The most notable of these allows her to develop and administer a training program for students from diverse backgrounds to conduct tobacco-related research projects in partnership with UC San Diego. The inaugural CSUSM/UCSD Smoke and Vape Free Scholars Initiative Program for Reducing Tobacco Disease in Diverse Communities is funding 15 CSUSM students from racial/ethnic minoritized, low-income and/or LGBTQ backgrounds – the populations that tobacco companies frequently target – for a comprehensive, two-year training experience, filling a critical gap as the first student training program devoted to tobacco control and advocacy.

Pulvers says she was prepared to lead this program because of her long record of mentoring students. In her 14 years at CSUSM, she has trained 100 students, more than half of whom completed at least two years of mentored research. That kind of experience has proved instrumental in many of her students gaining admission to competitive master’s and Ph.D. programs.

“As a minority student, the road to graduate school was difficult,” said Eleuterio Limas, a former undergraduate and master’s student of Pulvers’ who went on to earn a Ph.D. at Indiana University and is now a staff psychologist at UCSD. “Fortunately, Dr. Pulvers has made a career of helping underrepresented students such as myself. I have never seen her turn a student away. Even if a student had little to no research experience, she would give that person a chance. That type of approach goes a long way for an underrepresented student because it gives them hope and the confidence from someone believing in them.

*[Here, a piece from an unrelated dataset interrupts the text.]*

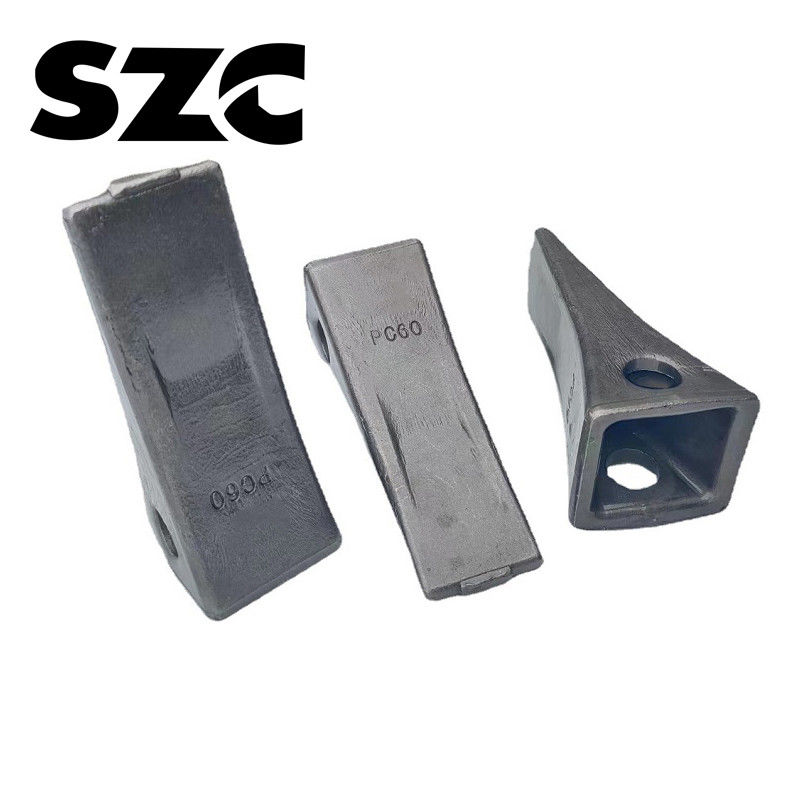 สีที่กําหนดเอง Pc60 Pc100 Komatsu Excavator Bucket Teeth 1u3352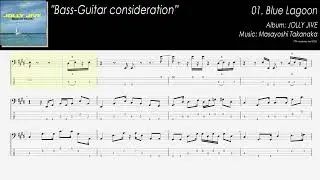 高中正義【Masayoshi Takanaka】Blue Lagoon【Bass Extraction TAB】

“She continually puts out top-tier research, is admired by her colleagues, and is an inspiration to her students. It is an example that I hope to be to the students I have a chance to impact and mentor.”

Throughout her career, Pulvers has been inspired by a quote from, of all people, a hockey player. The legendary Wayne Gretzky once said, “I skate to where the puck is going to be, not where it’s been.” Similarly, as Pulvers observed, tobacco executives employ that philosophy to stay ahead of mitigation efforts and keep certain people addicted to nicotine to remain profitable.

Her work, and her mentorship of students from groups most affected, is devoted to fighting back against that harmful ethos.

“The research I have conducted over the past 14 years at CSUSM,” she said, “is designed to counteract the disastrous effects of cigarette smoking and the unjust predatory practices yielding this unimaginable toll.”